■ Problem statement
Within the records below, how many lines hold the string "King"? State that number and nothing else.

■ Records for the exercise
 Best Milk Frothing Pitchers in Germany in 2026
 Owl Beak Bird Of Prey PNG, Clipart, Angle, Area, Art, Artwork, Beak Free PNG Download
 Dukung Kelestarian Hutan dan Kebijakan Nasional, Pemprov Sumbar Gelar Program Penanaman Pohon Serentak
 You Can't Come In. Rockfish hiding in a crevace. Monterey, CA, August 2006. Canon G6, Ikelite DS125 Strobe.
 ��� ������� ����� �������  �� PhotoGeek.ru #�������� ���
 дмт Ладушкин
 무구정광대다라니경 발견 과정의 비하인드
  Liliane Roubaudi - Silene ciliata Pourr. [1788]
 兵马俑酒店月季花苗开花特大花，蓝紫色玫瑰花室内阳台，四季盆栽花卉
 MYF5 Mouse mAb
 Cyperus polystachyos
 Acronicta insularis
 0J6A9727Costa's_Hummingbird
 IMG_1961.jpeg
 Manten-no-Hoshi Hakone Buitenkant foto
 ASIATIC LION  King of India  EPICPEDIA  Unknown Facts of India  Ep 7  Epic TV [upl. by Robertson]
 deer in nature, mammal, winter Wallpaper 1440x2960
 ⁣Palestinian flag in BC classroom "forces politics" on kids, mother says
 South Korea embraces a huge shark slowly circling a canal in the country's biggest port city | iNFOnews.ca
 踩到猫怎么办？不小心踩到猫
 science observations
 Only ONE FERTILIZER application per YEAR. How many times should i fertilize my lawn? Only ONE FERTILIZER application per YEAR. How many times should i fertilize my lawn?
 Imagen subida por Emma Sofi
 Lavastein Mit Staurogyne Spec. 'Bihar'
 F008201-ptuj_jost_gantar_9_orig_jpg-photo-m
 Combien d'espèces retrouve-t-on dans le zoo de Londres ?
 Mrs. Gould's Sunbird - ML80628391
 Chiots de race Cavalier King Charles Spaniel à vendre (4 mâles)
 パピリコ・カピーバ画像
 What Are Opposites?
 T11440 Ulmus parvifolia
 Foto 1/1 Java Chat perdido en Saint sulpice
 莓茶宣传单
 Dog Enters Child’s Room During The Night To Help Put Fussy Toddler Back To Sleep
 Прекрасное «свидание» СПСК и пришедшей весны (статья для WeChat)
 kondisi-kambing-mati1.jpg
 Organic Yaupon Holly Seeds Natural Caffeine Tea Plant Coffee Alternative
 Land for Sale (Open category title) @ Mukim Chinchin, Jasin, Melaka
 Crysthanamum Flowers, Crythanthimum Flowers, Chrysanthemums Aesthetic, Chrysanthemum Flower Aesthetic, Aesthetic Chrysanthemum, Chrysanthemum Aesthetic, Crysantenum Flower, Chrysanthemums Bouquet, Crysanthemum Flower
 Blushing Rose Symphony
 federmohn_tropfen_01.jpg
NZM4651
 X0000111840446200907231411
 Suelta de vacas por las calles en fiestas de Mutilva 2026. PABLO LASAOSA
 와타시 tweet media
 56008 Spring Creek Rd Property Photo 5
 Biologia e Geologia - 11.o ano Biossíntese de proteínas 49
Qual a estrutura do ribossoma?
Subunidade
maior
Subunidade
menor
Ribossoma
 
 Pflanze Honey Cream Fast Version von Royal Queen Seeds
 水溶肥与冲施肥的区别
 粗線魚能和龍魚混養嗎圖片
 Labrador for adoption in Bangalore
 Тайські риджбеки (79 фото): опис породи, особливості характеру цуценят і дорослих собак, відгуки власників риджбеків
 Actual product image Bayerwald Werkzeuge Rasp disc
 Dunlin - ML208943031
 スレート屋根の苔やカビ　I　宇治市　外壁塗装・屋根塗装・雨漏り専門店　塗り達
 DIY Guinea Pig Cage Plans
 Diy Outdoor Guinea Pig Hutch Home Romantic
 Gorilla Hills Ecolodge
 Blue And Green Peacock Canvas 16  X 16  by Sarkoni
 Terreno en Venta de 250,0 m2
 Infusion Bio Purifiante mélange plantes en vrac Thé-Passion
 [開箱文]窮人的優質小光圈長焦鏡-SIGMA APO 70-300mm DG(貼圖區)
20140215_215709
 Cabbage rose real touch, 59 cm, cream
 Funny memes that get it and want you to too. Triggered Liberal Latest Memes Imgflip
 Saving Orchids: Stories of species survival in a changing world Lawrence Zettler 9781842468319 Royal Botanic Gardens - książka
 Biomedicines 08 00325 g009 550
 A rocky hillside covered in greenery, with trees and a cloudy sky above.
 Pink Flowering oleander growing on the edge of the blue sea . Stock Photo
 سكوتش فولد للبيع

■ Solution to this task
2